FTC Retaliated Against, and Destroyed, Innocent Firm that Stood Up for Rule of Law

(p. A17) Sometimes winning is still losing. That is certainly true for companies that find themselves caught in the cross hairs of the federal government. Since 2013, my organization has defended one such company, the cancer-screening LabMD, against meritless allegations from the Federal Trade Commission. Last Friday, [November 13, 2015] the FTC’s chief administrative-law judge dismissed the agency’s complaint. But it was too late. The reputational damage and expense of a six-year federal investigation forced LabMD to close last year.
. . .
Unlike many other companies in similar situations, . . . , LabMD refused to cave and in 2012 went public with the ordeal. In what appeared to be retaliation, the FTC sued LabMD in 2013, alleging that the company engaged in “unreasonable” data-security practices that amounted to an “unfair” trade practice by not taking reasonable steps to protect patient information. FTC officials publicly attacked LabMD and imposed arduous demands on the doctors who used the company’s diagnostic services. In just one example, the FTC subpoenaed a Florida oncology lab to produce documents and appear for depositions before government lawyers–all at the doctors’ expense.

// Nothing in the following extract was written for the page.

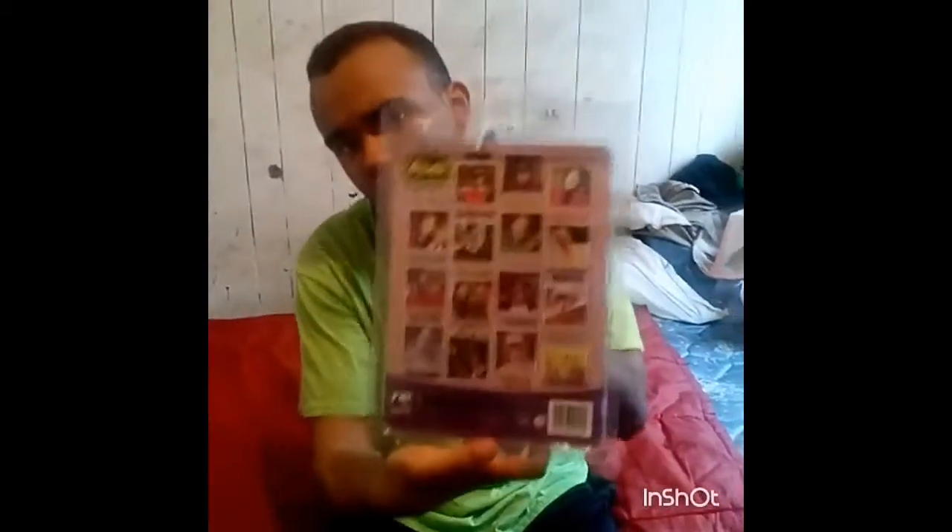If you guys want to look, those are the characters you can get. Now, this is a limited edition — I don't even want to tell you how much my dad paid for this, it's crazy. But if you guys are collectors, or you're a fan of the classic Batman series, or you just love the Joker, I really suggest going and getting this figure.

Yet after years of investigation and enforcement action, the FTC never produced a single patient or doctor who suffered or who alleged identity theft or harm because of LabMD’s data-security practices. The FTC never claimed that LabMD violated HIPAA regulations, and until 2014–four years after its investigation began–never offered any data-security standards with which LabMD failed to comply.
. . .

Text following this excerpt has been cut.